What are the biggest challenges in running a sustainable business?
You have to look longer and harder for the right sustainable suppliers that compliment your business practices. It could be simple things like finding vegan recyclable stickers for our postal packaging or Jiffy bags with biodegradable bubble wrap – it is certainly not as easy to source compared to regular packaging options. There is also the cost; sustainable solutions tend to be more expensive.
What advice can you give to other businesses who are wanting to do better?
To identify a specific area that they would like to improve in. Sustainability is a massive topic and it can be daunting for businesses to tackle all issues simultaneously. It’s easier to manage if they break things down to concrete categories that they want to address – is it reviewing their packaging, how they work with their suppliers, partnering with a charity or NGO etc. This will help to address matters one step at a time leading to positive sustainable change.
Will you sign up to going carbon neutral (or even negative) by 2050?

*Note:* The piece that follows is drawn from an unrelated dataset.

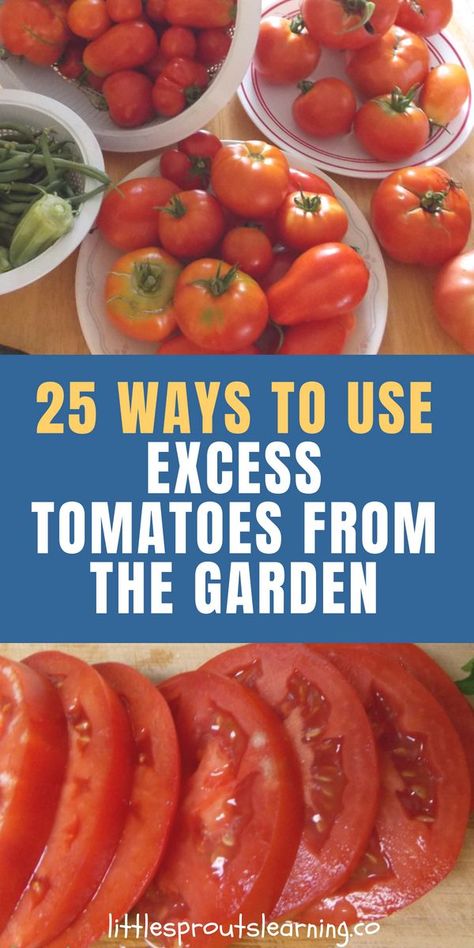 What To Can With Fresh Tomatoes, How To Use Up Fresh Tomatoes, Sauce From Garden Tomatoes, Things You Can Make With Tomatoes, Sliced Tomatoes Recipes, Tomatoes From Garden Recipes, Ways To Use Garden Tomatoes, What To Do With Heirloom Tomatoes, Ways To Use Up Tomatoes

Yes, absolutely and I would very much aim to get there before then. We are in the process of calculating our carbon footprint and evaluating potential schemes to help us offset our emissions. We also use courier companies that deliver carbon neutral parcels whenever possible.
Three things we should all, as individuals, be doing to help in the climate change fight?
- Being more mindful of our consumption when it comes to our diets and shopping habits. Increasing the amount of plant-based meals we consume in a day/week can have a significant impact on our planet. When it comes to shopping, we can consider buying second-hand where possible instead of buying something new.
- Reducing the amount of single use plastic in our lives by making simple sustainable swaps such as carrying reusable shopping bags, reusable water bottles and coffee cups, switching to plant-based chewing gum etc.
- Walk more: transport is one of the largest emitting sections of the UK economy so if it is possible to get somewhere on foot – take that walk if you can.